Copy exactly the lines of the data below that run from the line holding "Sur fond gris, un" through the line holding "ASHLEY EARNS HER YELLOW KARATE BELT", both ends included.

⟨

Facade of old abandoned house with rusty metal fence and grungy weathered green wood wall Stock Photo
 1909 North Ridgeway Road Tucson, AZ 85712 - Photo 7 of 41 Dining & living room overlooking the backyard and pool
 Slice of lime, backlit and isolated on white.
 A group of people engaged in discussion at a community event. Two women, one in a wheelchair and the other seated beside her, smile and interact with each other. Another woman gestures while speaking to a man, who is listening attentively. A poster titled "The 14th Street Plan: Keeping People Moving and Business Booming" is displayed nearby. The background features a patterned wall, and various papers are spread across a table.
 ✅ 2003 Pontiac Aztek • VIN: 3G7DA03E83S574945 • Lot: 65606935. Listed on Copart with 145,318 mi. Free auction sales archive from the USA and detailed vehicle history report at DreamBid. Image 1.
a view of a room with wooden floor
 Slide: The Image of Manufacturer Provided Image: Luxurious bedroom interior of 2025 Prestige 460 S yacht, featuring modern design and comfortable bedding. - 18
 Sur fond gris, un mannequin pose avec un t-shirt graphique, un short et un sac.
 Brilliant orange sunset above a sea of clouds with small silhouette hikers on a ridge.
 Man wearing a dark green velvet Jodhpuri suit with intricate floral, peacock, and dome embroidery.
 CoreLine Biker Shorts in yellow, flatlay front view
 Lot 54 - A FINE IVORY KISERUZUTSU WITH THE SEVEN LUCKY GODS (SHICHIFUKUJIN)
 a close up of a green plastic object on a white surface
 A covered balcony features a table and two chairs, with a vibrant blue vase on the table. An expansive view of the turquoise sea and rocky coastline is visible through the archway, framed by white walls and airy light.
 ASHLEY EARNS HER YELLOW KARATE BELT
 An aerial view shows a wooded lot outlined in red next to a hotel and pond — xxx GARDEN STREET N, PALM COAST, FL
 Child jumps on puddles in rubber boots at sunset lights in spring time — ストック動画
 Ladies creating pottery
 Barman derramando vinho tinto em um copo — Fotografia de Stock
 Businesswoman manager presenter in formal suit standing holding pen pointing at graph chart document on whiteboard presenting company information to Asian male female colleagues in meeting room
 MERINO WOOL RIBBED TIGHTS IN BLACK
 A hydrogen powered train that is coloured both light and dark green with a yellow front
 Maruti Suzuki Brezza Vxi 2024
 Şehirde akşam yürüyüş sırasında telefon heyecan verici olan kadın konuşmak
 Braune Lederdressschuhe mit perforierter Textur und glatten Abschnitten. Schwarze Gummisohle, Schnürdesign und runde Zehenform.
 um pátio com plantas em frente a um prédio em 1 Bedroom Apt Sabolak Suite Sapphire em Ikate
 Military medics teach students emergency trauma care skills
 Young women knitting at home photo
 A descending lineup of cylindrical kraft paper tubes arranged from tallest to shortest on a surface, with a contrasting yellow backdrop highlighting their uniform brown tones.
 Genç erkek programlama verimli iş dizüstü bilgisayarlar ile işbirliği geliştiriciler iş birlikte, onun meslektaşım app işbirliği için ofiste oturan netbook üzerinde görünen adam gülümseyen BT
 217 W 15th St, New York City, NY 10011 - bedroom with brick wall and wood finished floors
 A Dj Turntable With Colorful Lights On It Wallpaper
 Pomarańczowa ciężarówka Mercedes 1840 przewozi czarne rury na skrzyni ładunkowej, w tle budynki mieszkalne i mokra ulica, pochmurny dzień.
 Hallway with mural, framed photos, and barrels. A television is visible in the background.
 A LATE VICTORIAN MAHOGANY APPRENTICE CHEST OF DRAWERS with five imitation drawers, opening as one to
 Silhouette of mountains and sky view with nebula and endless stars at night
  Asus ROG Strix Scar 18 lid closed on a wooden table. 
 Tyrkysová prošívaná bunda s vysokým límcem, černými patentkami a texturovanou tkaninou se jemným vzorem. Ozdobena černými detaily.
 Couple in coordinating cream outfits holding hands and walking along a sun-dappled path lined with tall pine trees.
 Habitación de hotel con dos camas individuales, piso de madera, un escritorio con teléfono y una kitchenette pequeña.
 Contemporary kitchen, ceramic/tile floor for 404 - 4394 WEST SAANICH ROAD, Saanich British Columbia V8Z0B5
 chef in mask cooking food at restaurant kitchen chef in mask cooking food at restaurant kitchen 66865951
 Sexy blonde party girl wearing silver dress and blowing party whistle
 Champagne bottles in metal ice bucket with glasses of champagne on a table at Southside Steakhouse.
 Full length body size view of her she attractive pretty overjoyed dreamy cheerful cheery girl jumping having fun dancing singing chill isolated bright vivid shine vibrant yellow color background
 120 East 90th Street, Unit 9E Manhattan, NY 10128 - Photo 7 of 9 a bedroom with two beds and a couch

⟩

WRITTEN ANSWER:
 Sur fond gris, un mannequin pose avec un t-shirt graphique, un short et un sac.
 Brilliant orange sunset above a sea of clouds with small silhouette hikers on a ridge.
 Man wearing a dark green velvet Jodhpuri suit with intricate floral, peacock, and dome embroidery.
 CoreLine Biker Shorts in yellow, flatlay front view
 Lot 54 - A FINE IVORY KISERUZUTSU WITH THE SEVEN LUCKY GODS (SHICHIFUKUJIN)
 a close up of a green plastic object on a white surface
 A covered balcony features a table and two chairs, with a vibrant blue vase on the table. An expansive view of the turquoise sea and rocky coastline is visible through the archway, framed by white walls and airy light.
 ASHLEY EARNS HER YELLOW KARATE BELT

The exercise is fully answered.